Document Detail

Differential gene expression in drug hypersensitivity reactions: induction of alarmins in severe bullous diseases.
MedLine Citation:
PMID:  20030638     Owner:  NLM     Status:  MEDLINE    
BACKGROUND: Delayed hypersensitivity reactions to drugs can be life-threatening and constitute a growing problem in clinical practice. Although drug-specific T cells seem to be involved, the cellular and molecular bases of their aetiopathology are not fully understood. OBJECTIVES: To study the molecular mechanisms underlying the pathogenesis and the clinical heterogeneity of cutaneous delayed hypersensitivity reactions to drugs. MATERIALS AND METHODS: We characterized the gene expression profiles of peripheral blood mononuclear cells (PBMCs) isolated from patients during the acute phase of the reaction and upon resolution of clinical symptoms using a cDNA array technology. Low-density arrays were used to confirm differential expression of selected genes during the acute disease in patients and to compare gene expression in patients and exposed control donors by quantitative real-time polymerase chain reaction. RESULTS: Eighty-five genes were found to be differentially expressed during the acute phase of cutaneous drug-induced delayed hypersensitivity reactions. Furthermore, 92 genes with distinct expression patterns in severe and benign diseases during the acute phase were identified.
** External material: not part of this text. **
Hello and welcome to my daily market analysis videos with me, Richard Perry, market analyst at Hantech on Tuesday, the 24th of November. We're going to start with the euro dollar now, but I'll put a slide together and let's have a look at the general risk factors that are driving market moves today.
PBMCs from patients with severe bullous diseases showed a characteristic gene expression pattern with lower expression of genes encoding T cell-specific proteins and high expression of cell cycle-related genes and genes coding for inflammatory-related mediators among which several endogenous damage-associated molecular patterns (DAMPs) or alarmins were found. CONCLUSIONS: Distinct gene expression profiles in PMBCs define benign and severe clinical entities. Overexpression of endogenous DAMPs in Stevens-Johnson syndrome and toxic epidermal necrolysis suggest that drugs can trigger the alarmin system in sensitized patients leading to life-threatening diseases.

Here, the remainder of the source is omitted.